→ **Exercise goal**:
Pictures in the listing below are skipped, while the lines from the "Quiet moment captured" line through the "Half fill a" line are returned word for word.

→ **Given records**:
+===+

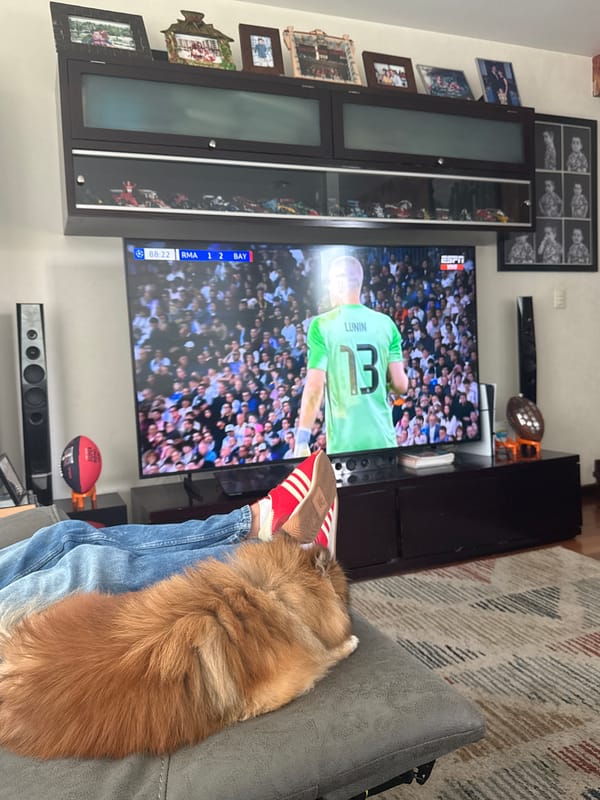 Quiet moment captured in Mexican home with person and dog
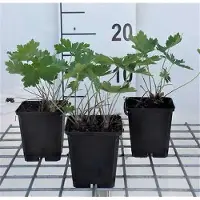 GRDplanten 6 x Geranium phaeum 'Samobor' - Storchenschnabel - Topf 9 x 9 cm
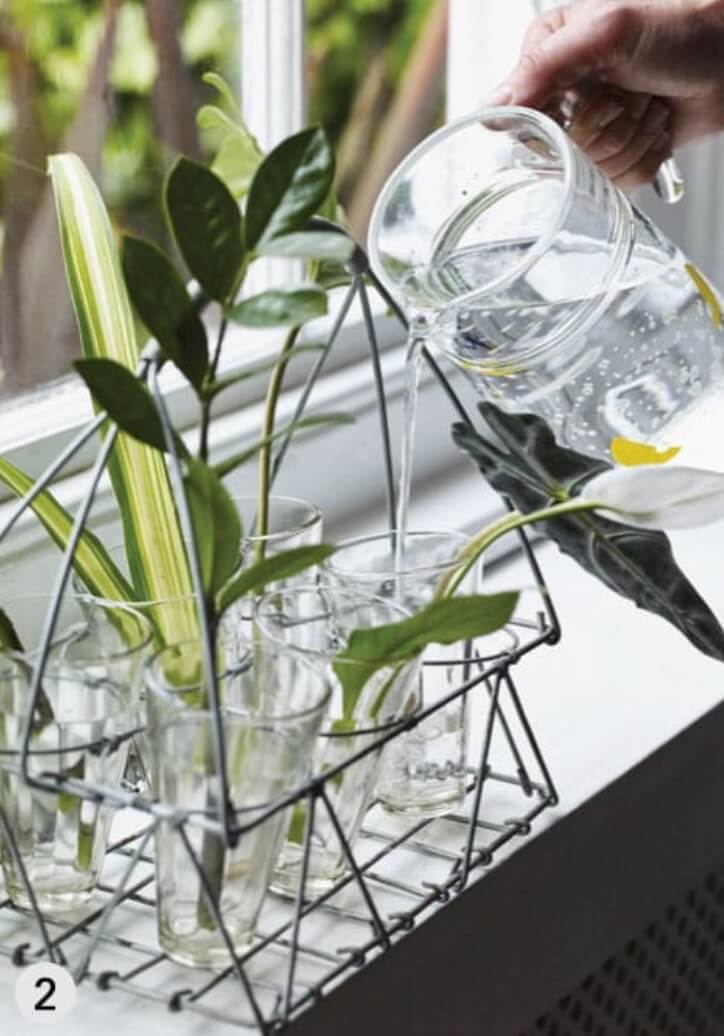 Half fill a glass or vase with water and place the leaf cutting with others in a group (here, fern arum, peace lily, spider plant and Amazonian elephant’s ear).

+===+

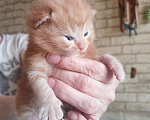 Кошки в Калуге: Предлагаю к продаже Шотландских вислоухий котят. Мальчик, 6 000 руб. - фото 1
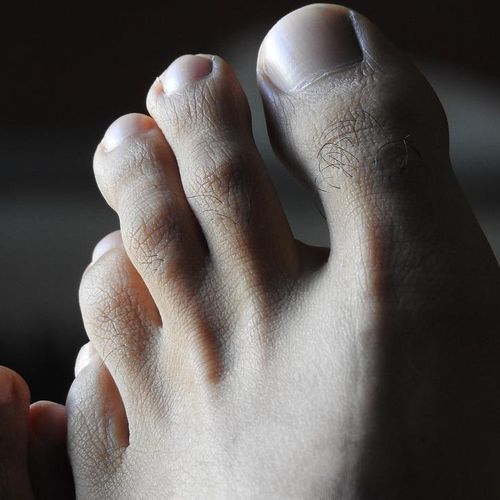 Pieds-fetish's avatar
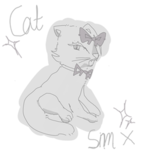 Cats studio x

+===+

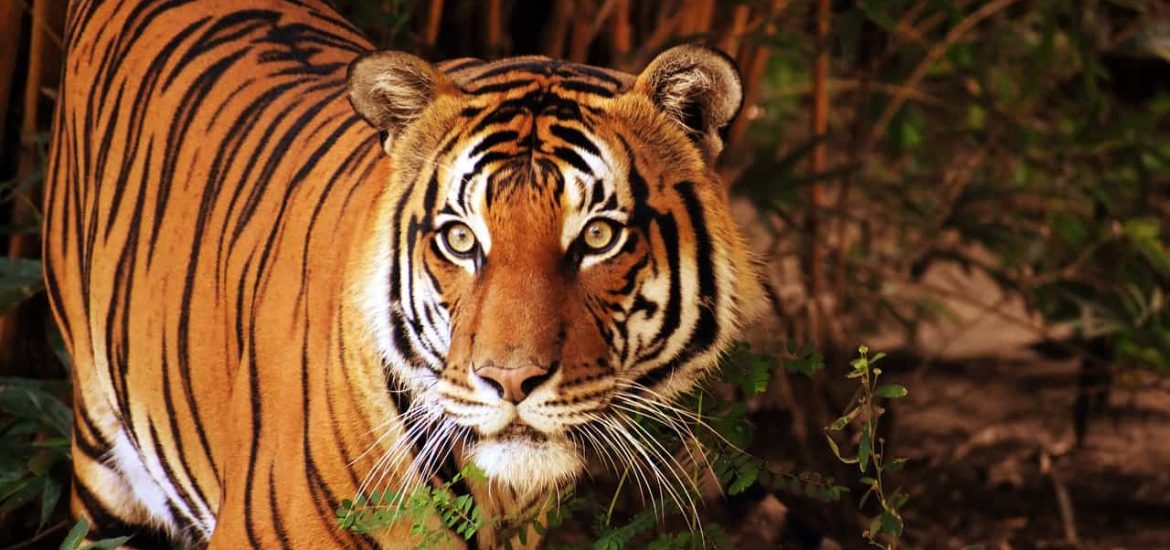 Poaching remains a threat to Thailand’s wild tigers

+===+

→ **Result for this task**:
 Quiet moment captured in Mexican home with person and dog
 GRDplanten 6 x Geranium phaeum 'Samobor' - Storchenschnabel - Topf 9 x 9 cm
 Half fill a glass or vase with water and place the leaf cutting with others in a group (here, fern arum, peace lily, spider plant and Amazonian elephant’s ear).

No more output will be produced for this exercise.